H.E.R. non è un esordiente. Non mi metto a raccontare oltre 25 anni di carriera e collaborazioni di prestigio, per non cadere in una cronaca dei fatti un po’ sterile. Evidenzio due elementi soltanto.

Uno, il suo violino: sottoposto da sempre a distorsioni, deformazioni, a una richiesta di farsi disturbante, di violare la percezione più diffusa e stereotipata dello strumento. Il mutamento e la tensione verso l’essere altro già impressa nel suono delle corde. La ricordo dal vivo con i Nidi d’Arac, tra la fine degli anni Novanta e gli anni Zero una delle formazioni più spericolate nel fare merging tra tradizione popolare e futurismo elettronico, al punto che spesso la gente che intasava gli eventi neo-folk di moda all’epoca quasi fossero balere restava delusa dall’approccio sperimentale della formazione, e invocavano pizzica, pizzica per carità, e loro la pizzica la facevano, ma in una maniera destrutturata, e proprio il violino di Erma (allora Ermanno) era il fattore più tagliente del mix, anche se in realtà l’esperienza con il gruppo si chiuderà dopo qualche anno.

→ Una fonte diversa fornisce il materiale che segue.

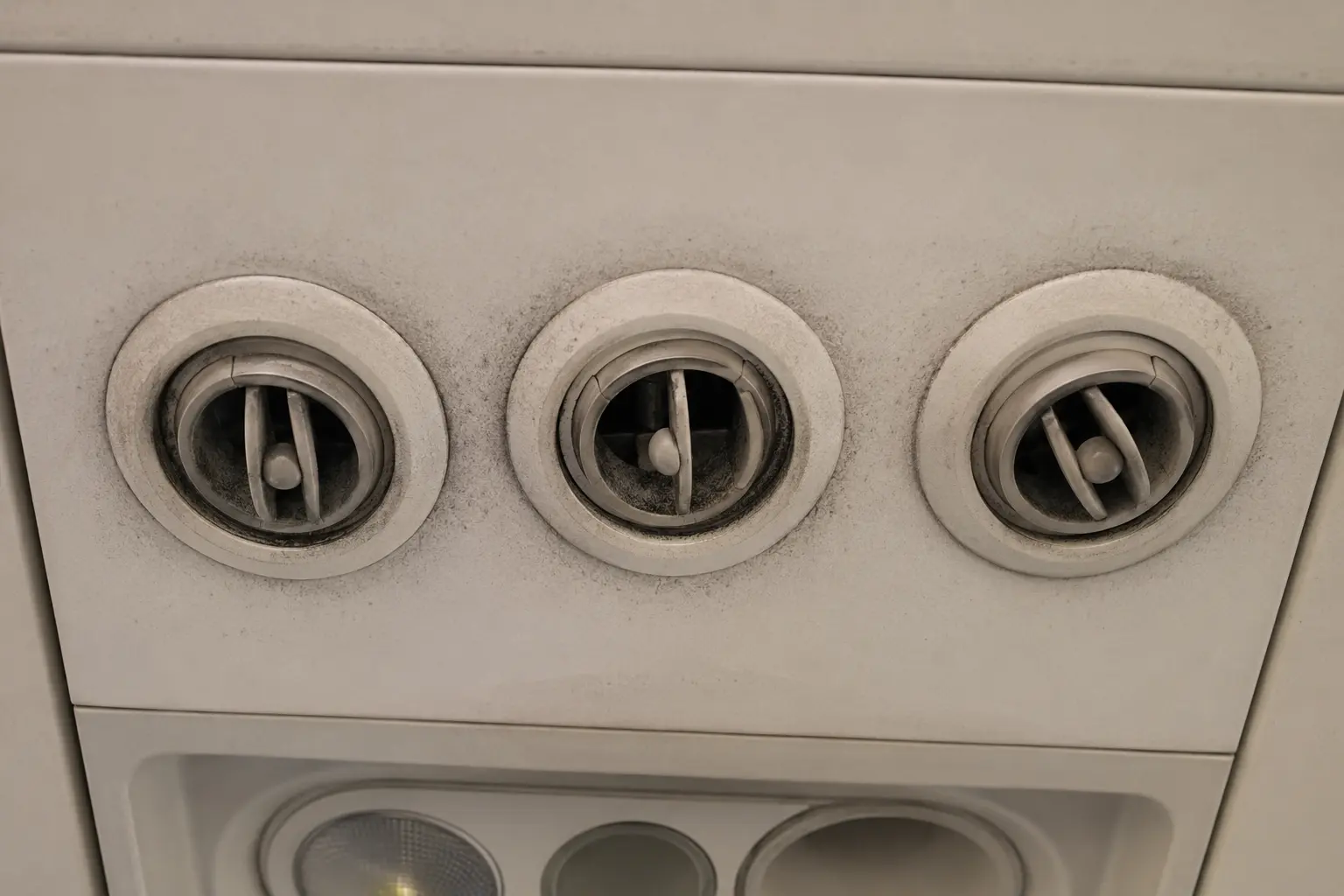Illustrative aircraft overhead panel showing visible dark buildup around the air vents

Due, appunto, il nome “Erma”, perché è impossibile e persino scorretto soprassedervi, mascherando l’indifferenza con nonchalance che si vorrebbe far passare per libertaria. Più di dieci anni prima che Antony Hegarty decretasse il passaggio nominativo al genere femminile e acquisisse il nome Anohni – un fatto simbolicamente cruciale nel decennio appena trascorso, che ha dato il la e ispirato una nuova generazione di artisti/e gender fluid – noi in Italia avevamo già Erma, probabilmente la prima cantautrice del nostro Paese in assoluto ad aver compiuto la transizione di genere. Il nome acquisito – H.E.R. – è un calco in codice di essenziale e assoluta determinazione: l’attributo femminile ridotto al suo stato base, quindi indiscutibile, più la scelta dell’acronimo che enfatizza l’enormità dei significati che cela, la dimensione di progetto che si fa vita (come i C.S.I.).

Noi abbiamo H.E.R. e H.E.R, quando appare al fianco di musicisti di chiara fama o progetti di evidente originalità (vedi le Iotatola fondate all’inizio degli anni Dieci da Serena Ganci e Simona Norato, artiste altrettanto coraggiose nel ribaltare i cliché del genere) è impossibile da non notare: presenza magnetica, suono alieno, portamento regale, che quasi incute mistero. Però il suo percorso resta esterno a tutto ciò che il mainstream esprime nel decennio, dall’itpop alla trap al neo-cantautorato vintage-rassicurante, così oggi che Il mondo non cambia mai sta riuscendo persino a bucare l’airplay nazionale, sembra un esordio, o comunque una prima volta.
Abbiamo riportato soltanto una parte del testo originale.